One of the best examples of this is the inventory you buy. For instance, let’s say Bob’s business does $1 million in sales for the year. With a keystone markup, Bob makes a gross profit of $500,000 from his business. After expenses of $400,000, his net profit is $100,000.

The bank account tells a very different story. Although the cost of goods sold is $500,000, Bob didn’t necessarily spend that much on inventory for the year. If he spent $600,000 on inventory purchases, he would have increased his inventory holding by $100,000. However, he didn’t sell the extra inventory, and therefore, it doesn’t pay for itself, but it will still come out of his bank account!

Timing is another important factor in paying vendors, too. Whether you pay your vendors immediately or pay the amount six months later, this will affect your bank balance, but it won’t affect your profit — the item is an expense when you sell it, not when you pay your vendor.
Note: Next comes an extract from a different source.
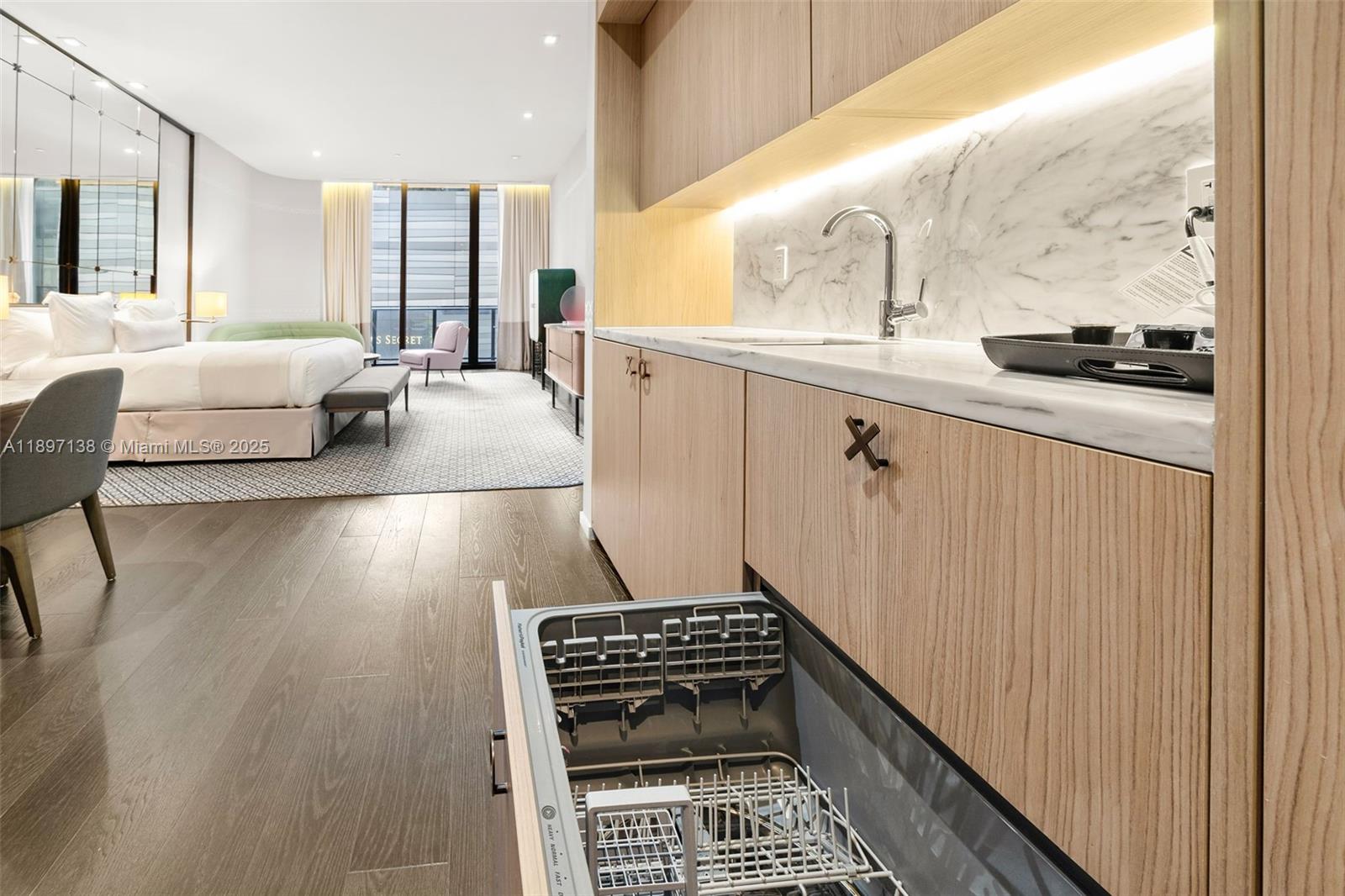 801 SMA DESIGNER SUITES C - Residential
Your bank account can also be affected by assets that you buy. A new vehicle that is deemed a business asset may leave a hole in your bank account now if you pay cash, but as a business asset, its cost will be spread over several years to reflect when it is used. Your profit will look healthier than your bank account in this situation.

Of course, another factor to consider is personal spending. Withdrawing a good deal of money from your business account to support your lifestyle isn’t a business expense and won’t decrease your profit. It will, however, certainly lower the balance of your bank account.

It’s important to understand this difference between cash flow and profit so you don’t get caught spending money you don’t have.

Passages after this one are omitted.